Balance of payment crisis
This deficit in the balance of payments is supposed to be addressed partly by the IMF loan package. Ghana was forced to seek IMF assistance in dealing with global and local economic shocks such as the economic slowdown in China, the global commodity price slump, irresponsible spending made during the elections in 2012 and 2016 and a protracted domestic electricity crisis. Of course, there were external economic shocks due to the COVID-19 pandemic and the Russo-Ukraine war. Yet domestically, the regime was inefficient and irresponsible in managing its finances. The country was burdened with excessive borrowing and led to a looming debt crisis.
Ghana’s debt comprises domestic dollar bonds, cocoa bills, pension funds and debt owed to the central bank. Ghana has reached an agreement with banks to restructure 15 billion Ghana cedi ($1.36 billion) of locally issued US dollar bonds and cocoa bills. About 85 percent of eligible bondholders participated in this process. Ghana wishes to reduce its external debt interest repayments by $10.5 billion over the next three years under the IMF bailout secured in May this year.
Ghana received its first instalment of $600 million to be used to boost the country’s foreign currency reserves, help stabilise its currency and support the budget. However, many believe that despite this IMF deal, Ghana is still not out of trouble. The receipt of further loan instalments depends on how Ghana performs in terms of external debt arrangements, socioeconomic reforms – austerity and necessary trade-offs – and central bank reforms.
Governance and winner takes all approach
Ghana has deep structural economic problems that require a multi stakeholder approach to resolve. Unfortunately, the entrenched pervasive system of governance of Ghana, like in Sri Lanka, based on winner takes all approach distorted a broad national dialogue on what has to be done and how it needs to be done. It must fix structural problems such as over-reliance on exports of physical and human commodities and utilizing strategy of “export-led recovery.” In addition society, particularly the privileged classes, needs to live within its means.

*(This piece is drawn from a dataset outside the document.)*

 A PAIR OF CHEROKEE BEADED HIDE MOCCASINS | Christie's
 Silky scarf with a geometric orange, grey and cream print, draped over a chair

The country had virtually no foreign reserves so it did not have any means to pay in dollars for its imports. So it’s no wonder many Ghanaians have been nervously waiting for the IMF bailout. As usual, to qualify for the IMF bailout, it had to undergo debt restructuring with its creditors. Ghana is going through lengthy negotiations with its creditors. Other leading agencies such as the World Bank have pledged to help the country come out of this messy situation. Investors are expected to return without fear of losing their money.
Ghana’s IMF experience
Given the country’s past experience with the IMF, it is doubtful to what extent its latest cash infusion will help solve Ghana’s long term economic problems. As mentioned earlier, the most recent IMF assistance came in 2019. Like in Sri Lanka, this need for regular assistance is the result of wastage and mismanagement and an inability to enlarge the economy for the benefit of all by successive governments over many years. If there is no system change, the question remains whether the situation will get messy again. It could happen at the end of the three year IMF bailout. Given past loans and an inability to bring in transparency, the rule of law, accountability and create an economy that benefits the majority of the population, the country could expect another bailout in the near future. This is a bleak scenario for Ghanaians who barely survive economically.